How making politicians unblock trolls could hurt speech online - The Verge
▻https://www.theverge.com/2019/9/6/20847366/politicians-twitter-trolls-blocking-legal-ruling-trump-ocasio-cortez-free-
Last week, the Knight First Amendment Institute urged Rep. Alexandria Ocasio-Cortez (D-NY) to unblock critics on Twitter. The Knight Institute has led a push to treat politicians’ social media accounts as public forums, filing a successful lawsuit against President Donald Trump for his Twitter-blocking habits. Ocasio-Cortez argued that the issue was more nuanced, though: she said she was blocking “less than 20 accounts” and that it was for harassment, not political viewpoints.
Social media poses some unique problems that physical spaces don’t, however.

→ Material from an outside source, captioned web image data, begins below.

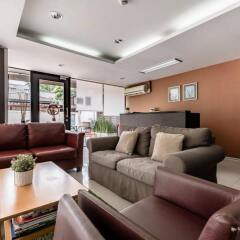 Отель Double Two at Sathorn Таиланд, Бангкок - отзывы, цены и фото номеров - забронировать отель Double Two at Sathorn онлайн комната для гостей фото 3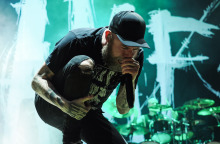 Release Athens 2023: Φωτορεπορτάζ από την πρώτη metal μέρα με Nightwish, In Flames, Insomnium και Elysion, στην Πλατεία Νερού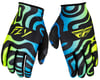 Image 1 for Fly Racing Lite Long Finger Gloves (Zen) (S)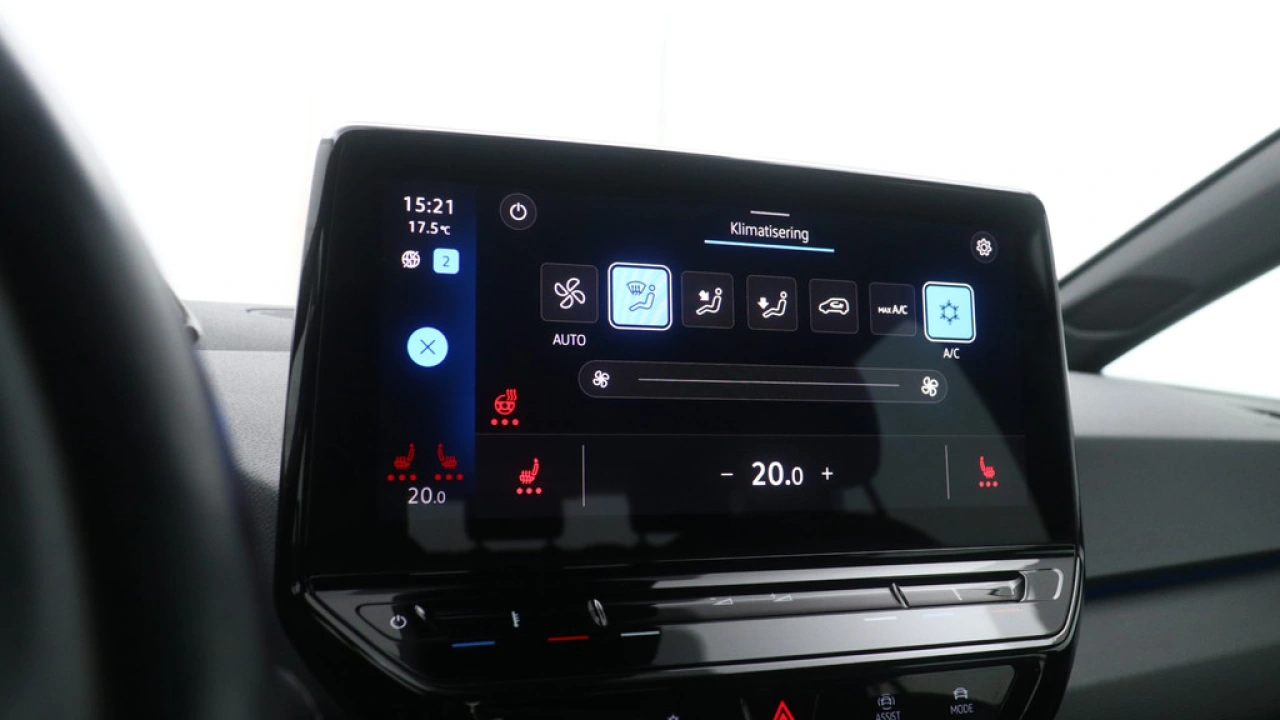 Volkswagen ID.3 Life 58 kWh 204pk Navigatie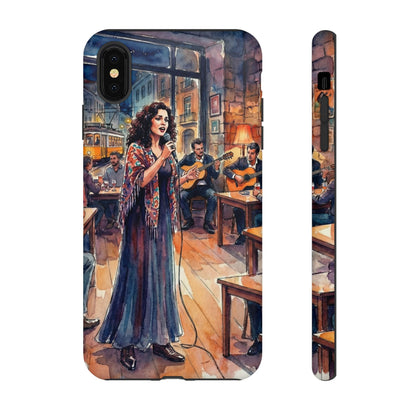 Noite de Fados Phone Case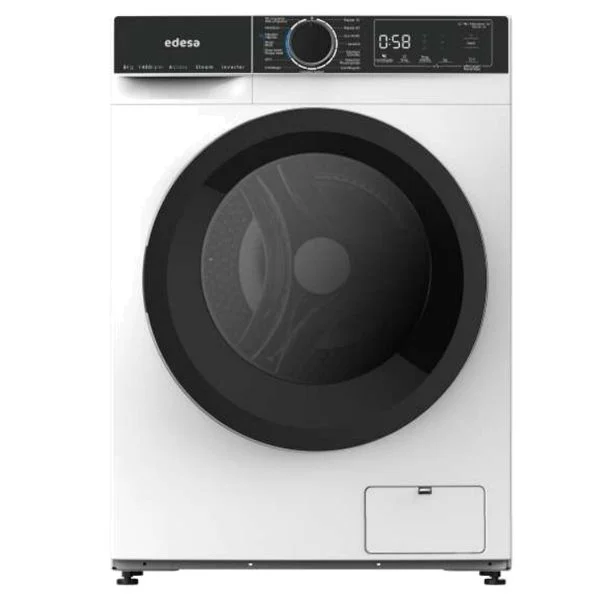 Lavadora Edesa Ewf8403wh 8k 1400r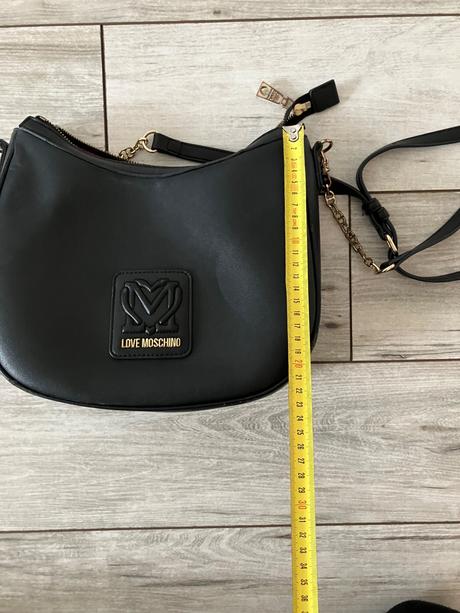 Crossbody kabelka, moschino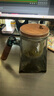 TEAHUE泡茶壺玻璃飄逸杯茶水分離泡茶杯茶具大容量家用辦公室沏茶沖茶器 曬單實(shí)拍圖
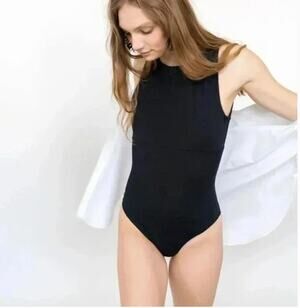 Epoque Evolution The One Bodysuit Womens Black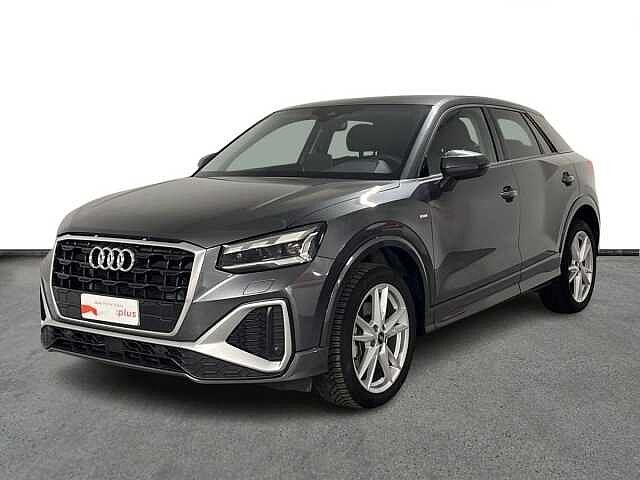 Audi Q2 35 TDI S tronic S line Edition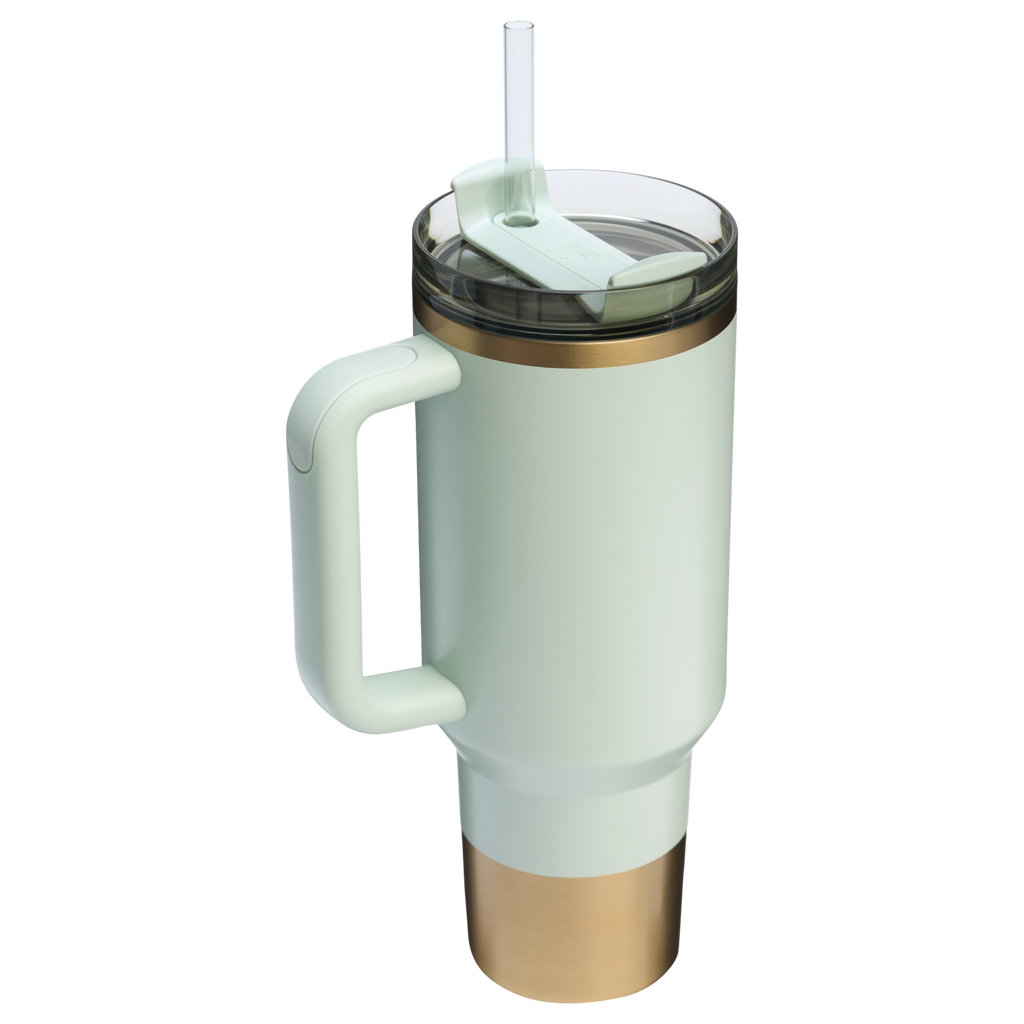 The Quencher H2.0 FlowState™ Tumbler  | 40 OZ - Stanley Create - Made for Your Routine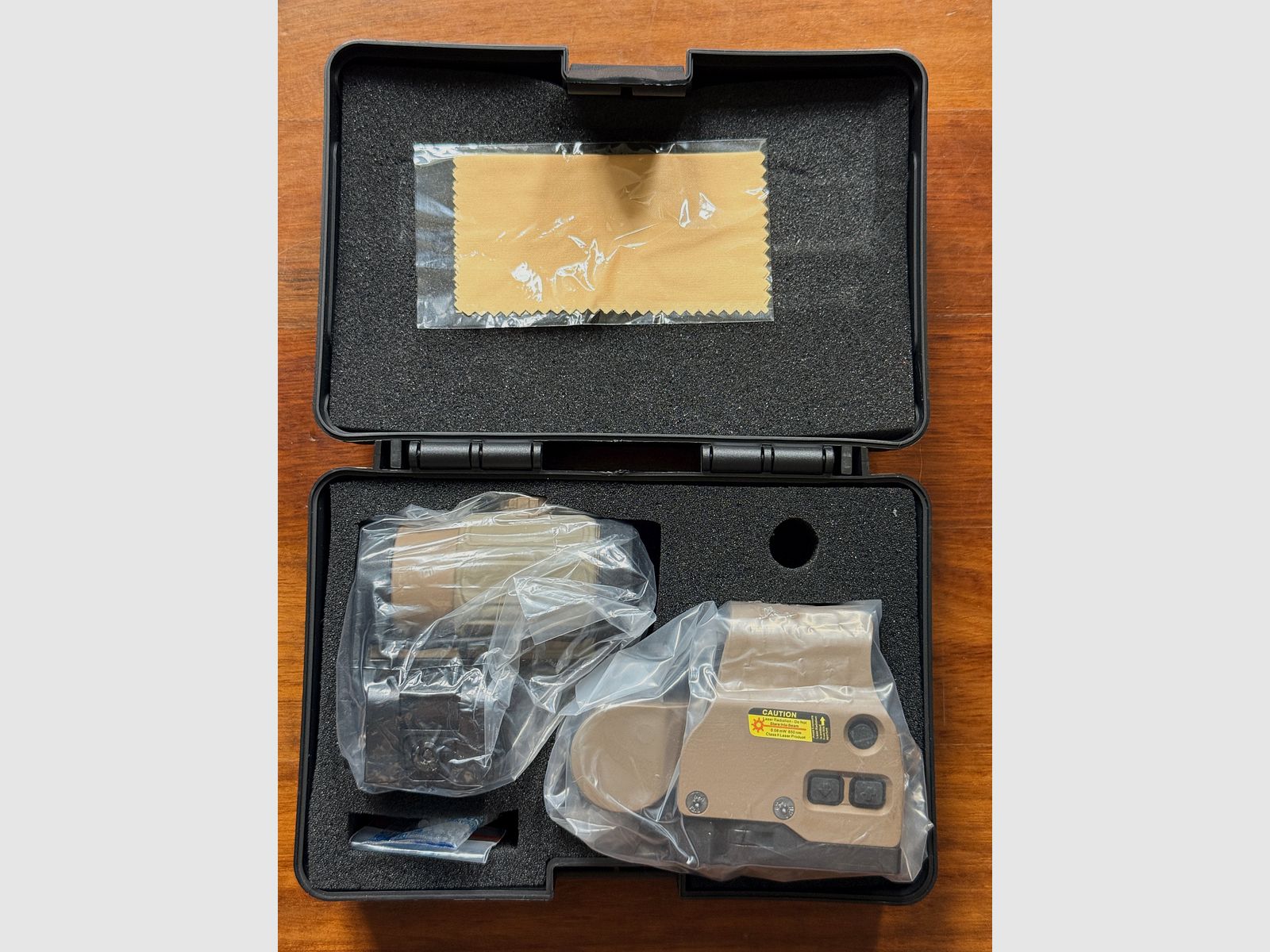 Holografisches Kollimatorvisier 558+G43 ,Rotpunkt-Optikvisier Neu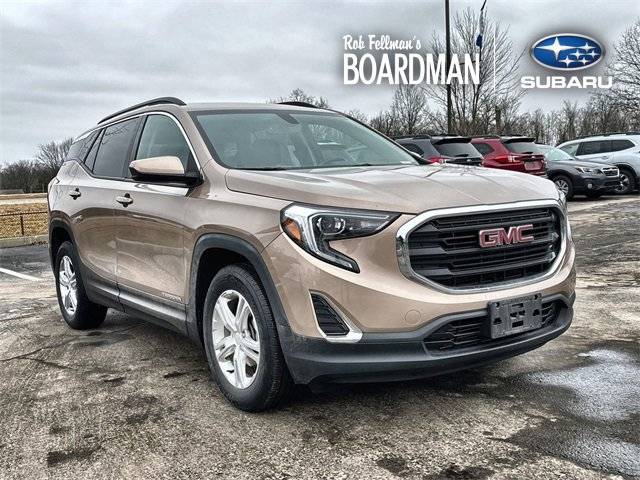 2018 GMC Terrain SLE FWD photo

It can operate at a scale that wouldn’t be possible offline, and it’s easy to hijack a conversation or amplify a point of view with automated posts or a handful of dedicated people acting in bad faith. Trolls can attack anyone who participates in a conversation, not just politicians, and they can do it across all of social media, not just in a single thread or post. This can turn supposedly open spaces into deeply hostile or unnavigable ones — not just for public figures like Trump or Ocasio-Cortez, but for anybody who wants to engage with them.
As writer and law professor Tim Wu, journalist Zeynep Tufekci, and many others have pointed out, new tactics like troll armies and spammed responses have made traditional First Amendment protections less effective at promoting free speech online. “It is no longer speech or information that is scarce, but the attention of listeners,” explained Wu in a 2017 Knight Institute blog post. “No one quite anticipated that speech itself might become a censorial weapon, or that scarcity of attention would become such a target of flooding and similar tactics.”